(Qui sopra, Victoire Tomegah Dogbé in una foto tratta dal suo profilo Facebook)
Un nuovo passo avanti nel cammino delle donne africane ai vertici del potere politico. In Togo, uno dei più piccoli Stati africani, un striscia di terra affacciata sul Golfo di Guinea, tra Ghana e Benin, per la prima volta dall’indipendenza (1960) una donna ha raggiunto la carica di primo ministro. Victoire Tomegah Dogbé, 60 anni, è stata nominata dal presidente Faure Gnassingbé dopo più di sette mesi dalle elezioni presidenziali del 22 febbraio, che hanno portato alla rielezione - contestata dall'opposizione - per il quarto mandato consecutivo del capo di Stato, in carica dal 2005 (anno in cui è succeduto al padre, l'ex dittatore Eyadéma Gnassingbé, che restò al potere per 38 anni, dal 1967 fino alla sua morte).
Giorni fa la Tomegah Dogbé ha formato il suo nuovo Governo e presentato il suo programma politico generale. Nata nella capitale Lomé, laureata in Scienze economiche e gestione d’impresa in Togo, ottenendo poi delle specializzazioni all’estero, la neopremier è una figura molto rinomata e stimata nel suo Paese. La sua carriera politica è stata preceduta da una lunga esperienza nel campo della cooperazione presso il Programma delle Nazioni unite per lo sviluppo (Undp), come responsabile dei progetti prima in Togo, poi nella Repubblica del Congo, in Burkina Faso, infine in Benin. In seguito, ha servito come ministro dello Sviluppo, dell’Artigianato, della Gioventù e dell’Occupazione dei giovani. Durante il suo incarico ministeriale, si è impegnata per sradicare la povertà e la piaga della disoccupazione giovanile.
Secondo i dati dell’African developement bank group, nell'indice di sviluppo umano il Togo si piazza al 165° posto su 188 Paesi. L'economia è in gran parte dipendente dall'agricoltura, oltre che dalla risorse minerarie, in particolare dai fosfati di cui il Togo è uno dei principali produttori al mondo. In un Paese di otto milioni di abitanti, dove più della metà della popolazione vive sotto la soglia di povertà, l’esperienza nel campo gestionale e amministrativo della Dogbé potrebbe fare la differenza nel promuovere un piano di rilancio e sviluppo economico.

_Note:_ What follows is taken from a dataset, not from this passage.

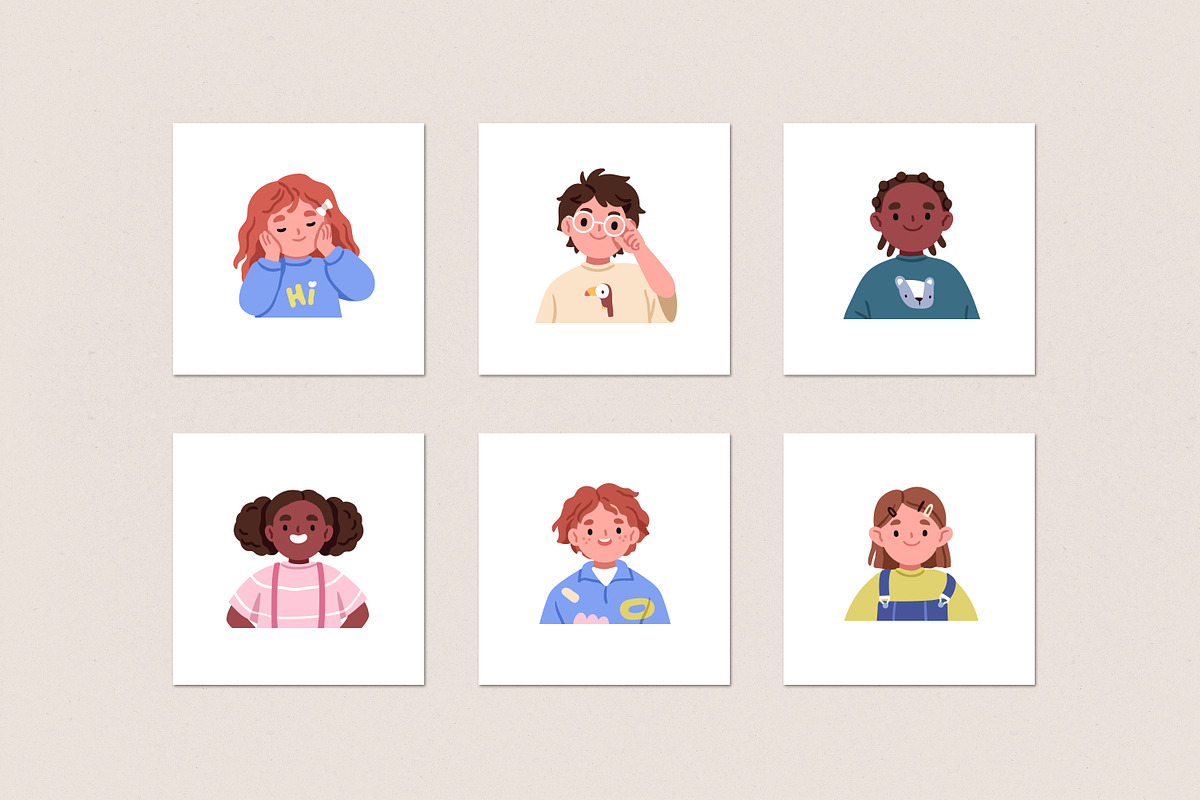 Cute kids avatars, portraits set, a Person Illustration by Good Studio (Photo 4 of 4)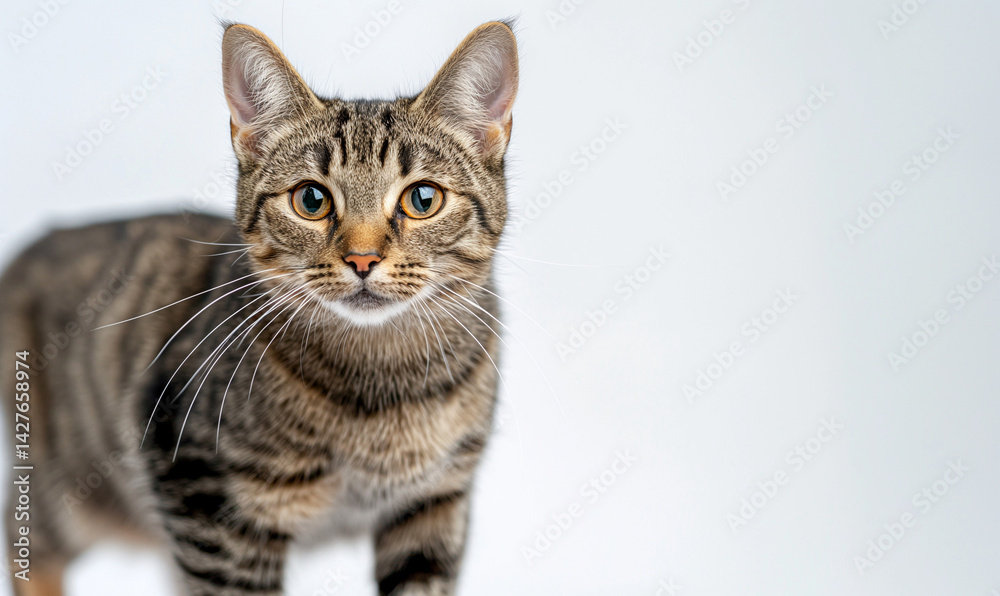 Striped Cat Staring Directly at Camera on Plain Background Striped Cat Staring Directly at Camera on Plain Background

Nelle società africane sempre di più le donne arrivano a ricoprire ruoli di primo piano nel campo politico. L’elezione di Victorie Tomegah Dogbé segue a breve distanza quella di Rose Christiane Ossouka Raponda a prima donna premier del Gabon, Stato dell’Africa centrale affacciato sull’Oceano Atlantico (e come il Togo governato da decenni da una sola dinastia, quella della famiglia Bongo). La Ossouka Raponda è stata nominata lo scorso luglio, in un momento di particolare crisi per il Paese (sanitaria, a causa della pandemia del Covid-19, economica a causa del crollo del prezzo del petrolio di cui il Gabon è il quarto produttore nell’Africa subsahariana). Nata nel 1964, laureata in Economia e finanza pubblica, la nuova primo ministro gabonese è stata in precedenza sindaco della capitale Libreville e in seguito ministro della Difesa.
A ottobre del 2018 l’Etiopia ha eletto per la prima volta una donna presidente, Sahle-Work Zewde, 68 anni, con un lungo passato nella diplomazia e nelle Nazioni Unite. A distanza di pochi giorni, un’altra donna, Meaza Ashenafi, avvocata e attivista per i diritti delle donne, fondatrice dell’Ethiopian women lawyers association (associazione delle donne avvocate) è stata nominata presidente della Corte suprema federale dell’Etiopia. Attualmente Sahle-Work Zewde è l’unica donna capo di Stato in Africa. Ma fino al 2018 la Liberia ha avuto una presidente, la prima nel continente africano: Ellen Johnson Sirleaf, in carica per dodici anni. Nel 2011 la capo di Stato liberiana ha vinto il Premio Nobel per la pace assieme alla sua concittadina Leymah Gbowee e all’attivista yemenita Tawakkul Karman, “per la loro battaglia non violenta a favore della sicurezza delle donne e del loro diritto alla piena partecipazione nell'opera di costruzione della pace”.
In Africa il protagonismo politico femminile passa anche attraverso le rappresentanze nei Parlamenti. Nella classifica stilata nel 2017 dall’Unione interparlamentare mondiale dei Paesi che contano il maggior numero di donne nelle loro Camere, al primo posto si è piazzato il Ruanda, seguito da Bolivia e Cuba. Dopo il terribile genocidio del 1994, la rinascita del Paese africano ha scommesso sulla forza delle donne.